The ordinary domestic cook is a tireless enemy of the Chafing Dish. She calls it “fiddle-faddle.” Maybe. But inasmuch as it is clean, economical, speedy and rather simple, it would naturally not appeal to her peculiar sense of the culinary art.

To bachelors, male and female, in chambers, lodgings, diggings, and the like, in fact to all who “batch”; to young couples with a taste for theatres, concerts, and homely late suppers; to yachtsmen, shooting-parties, and picnickers; to inventive artists who yearn for fame in the evolution of a new entrée; to invalids, night workers, actors and stockbrokers, the Chafing Dish is a welcome friend and companion.

It has its limitations, of course, but they are few and immaterial, and its obvious advantages and conveniences far outweigh its trivial drawbacks. At the same time it must be remembered that it is a serious cooking apparatus, and by no means a mere toy.

It is quite erroneous to imagine that the Chafing Dish is an American invention. Nothing of the sort. The earliest trace of it is more than a quarter of a thousand years old. “Le Cuisinier Français,” by Sieur François Pierre de la Varenne, Escuyer de Cuisine de Monsieur le Marquis d’Uxelles, published in Paris in 1652, contains a recipe for Champignons à l’Olivier, in which the use of a Réchaut is recommended. A translation of this work, termed “The French Cook,” was published in London in 1653, and the selfsame recipe of Mushrooms after the Oliver contains the injunction to use a Chafing Dish; moreover, the frontispiece, a charmingly executed drawing, shows a man-cook in his kitchen, surrounded by the implements of his art; and on the table a Chafing Dish, much akin to our latter-day variety, is burning merrily. This was in 1653. The Mayflower sailed in 1620.

So much for the antiquity of the Chafing Dish. At the same time our mitigated thanks are due to America for its comparatively recent reintroduction, for until quite lately, in Great Britain, its use was practically limited to the cooking of cheese on the table. The Chafing Dish is much esteemed across the Atlantic, although one is forced to admit that it is sometimes put to base uses in the concoction of unholy stews, which have not the natural flavour of fish, flesh or fowl, or even good red herring. Still, if the Americans are vague in their French nomenclature, unorthodox in their sauces, eclectic in their flavourings, and over-lavish in their condiments, yet they have at any rate brought parlour cooking to a point where it may gracefully be accepted as an added pleasure to life.

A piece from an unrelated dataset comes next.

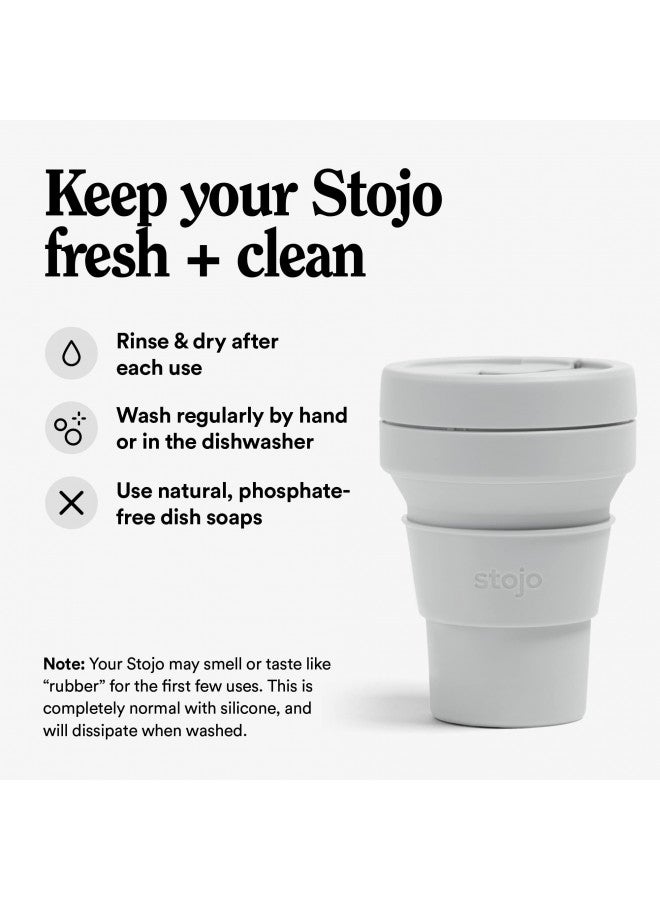 Stojo STOJO Collapsible Travel Cup - Cashmere, 12oz / 355ml - Leak-Proof Reusable To-Go Pocket Size Silicone Bottle for Hot & Cold Drinks - Camping & Hiking - Dishwasher Safe - No Straw Included  - Image 5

When two or three are gathered together, and one mentions the magic word “Chafing Dish,” the second invariably chimes in with “Welsh Rabbit.” This is an error of taste, but excusable in the circumstances. Chafing Dishes were not created for the exclusive canonisation of Welsh Rabbits, although a deft hand may occasionally play with one in a lightsome mood. There are other and better uses. All the same, a fragrant and delicate Rabbit is not to be despised, although it must not be made conceited by too great an elevation into the realms of high cookery.

My Chaffinda has at least seventeen hundred and four different charms, therein somewhat exceeding the average number appertaining to her sex, but it would require volumes to mention them separately, and it must suffice to indicate roughly a few of the more prominent.

I suppose that every nation has the cooks that it deserves, and, if this be accepted as an axiom, the general degeneration of the Plain Cook of the middle classes amply accounts for the growing cult of the Chafing Dish. The British school of cookery, in its mediocre form, is monotony exemplified. Too many broths spoil the cook; and hence we derive our dull sameness of roast and boiled.

Sweet are the juices of diversity, and whilst there is no reason for the Chafer to elaborate a sauce of thirteen ingredients, the cunning manipulation of three or four common articles of the domestic store-cupboard will often give (intentionally or otherwise) surprising results. This I shall hope to explain more fully later on.

Imagination and a due sense of proportion are as necessary in cooking as in any other art—more so than in some, for Impressionism in the kitchen simply means indigestion. Digestion is the business of the human interior, indigestion that of the doctor. It is so easy to cook indigestible things that a savoury cunningly concocted of Bismuth and Pepsine would seem an almost necessary adjunct to the menu (or Carte Dinatoire, as the French Revolutionists called it) of the budding Chafist.